Crowdstrike’s blog states some promises on how this won’t happen again. I wish I could believe them. I wish I could also believe those vendors who they compete with won’t have something similar happen, only next time it will be initiated by a bad actor and not just sloppy coders employed by the security vendors themselves.
Great expository writing by Beaumont. Thank you for the link.
Is it a coincidence that the same George Kurtz, now head of CrowdStrike, was CTO for McAfee when a McAfee AV update borked millions of XP computers in 2010? You’d think he would have learned from the McAfee disaster and put in place stringent test procedures and phased rollout of CrowdStrike updates. Apparently not.

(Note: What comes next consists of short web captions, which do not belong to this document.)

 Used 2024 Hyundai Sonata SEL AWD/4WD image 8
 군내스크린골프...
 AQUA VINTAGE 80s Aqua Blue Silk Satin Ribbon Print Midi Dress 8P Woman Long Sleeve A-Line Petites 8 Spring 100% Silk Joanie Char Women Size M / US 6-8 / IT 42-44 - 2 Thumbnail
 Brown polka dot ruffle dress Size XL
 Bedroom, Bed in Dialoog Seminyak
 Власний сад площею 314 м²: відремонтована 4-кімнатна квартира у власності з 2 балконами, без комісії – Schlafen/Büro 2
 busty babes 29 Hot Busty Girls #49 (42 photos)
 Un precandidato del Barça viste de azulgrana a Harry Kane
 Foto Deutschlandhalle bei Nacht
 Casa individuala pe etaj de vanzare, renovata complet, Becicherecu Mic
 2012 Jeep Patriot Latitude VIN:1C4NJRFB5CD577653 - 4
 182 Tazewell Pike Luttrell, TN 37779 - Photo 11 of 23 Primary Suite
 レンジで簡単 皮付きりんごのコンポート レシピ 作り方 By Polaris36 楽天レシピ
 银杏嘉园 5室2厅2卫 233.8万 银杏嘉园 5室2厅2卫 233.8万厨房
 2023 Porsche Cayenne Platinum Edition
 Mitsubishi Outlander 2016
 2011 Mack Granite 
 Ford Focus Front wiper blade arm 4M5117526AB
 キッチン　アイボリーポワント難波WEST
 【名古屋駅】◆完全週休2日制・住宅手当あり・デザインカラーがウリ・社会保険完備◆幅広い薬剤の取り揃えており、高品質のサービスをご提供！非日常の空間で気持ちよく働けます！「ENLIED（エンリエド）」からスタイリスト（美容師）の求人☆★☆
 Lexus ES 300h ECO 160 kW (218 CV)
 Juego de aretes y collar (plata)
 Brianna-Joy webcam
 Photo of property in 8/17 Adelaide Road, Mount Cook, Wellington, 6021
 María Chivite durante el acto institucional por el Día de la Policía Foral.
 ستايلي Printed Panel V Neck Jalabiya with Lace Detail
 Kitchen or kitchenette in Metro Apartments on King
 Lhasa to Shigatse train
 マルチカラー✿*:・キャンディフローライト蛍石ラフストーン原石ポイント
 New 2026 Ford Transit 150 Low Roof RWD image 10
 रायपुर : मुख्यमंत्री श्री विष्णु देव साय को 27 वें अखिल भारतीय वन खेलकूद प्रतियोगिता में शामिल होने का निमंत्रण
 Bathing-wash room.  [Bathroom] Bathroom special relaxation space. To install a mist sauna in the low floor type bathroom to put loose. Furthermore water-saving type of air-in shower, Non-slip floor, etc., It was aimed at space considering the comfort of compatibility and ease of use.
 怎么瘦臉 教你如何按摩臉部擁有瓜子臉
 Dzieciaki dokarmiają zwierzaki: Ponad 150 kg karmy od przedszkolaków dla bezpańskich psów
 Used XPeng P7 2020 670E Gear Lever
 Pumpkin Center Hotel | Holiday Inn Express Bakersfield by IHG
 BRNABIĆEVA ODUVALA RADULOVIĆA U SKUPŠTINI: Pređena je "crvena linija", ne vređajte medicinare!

Will there be any big lawsuits coming?
David – you omitted two very big issues.
First is the give-the-update-to-everyone at the same time approach. This is the work of rank amateurs who do not deserve to have the jobs they do. Anything that can crash the OS needs to be released in drips and drabs, not all at once. Blame for this falls on both Crowdstrike and their customers. Even if Crowdstrike has no facility for delaying updates, a client that is on the ball will block the updates to most of their machines until it has been allowed to run for a while on some small subset of their machines.
Second is the fact that the Crowdstrike software crashed. Like the school that little Bobby Tables went to, the software clearly did not validate its inputs.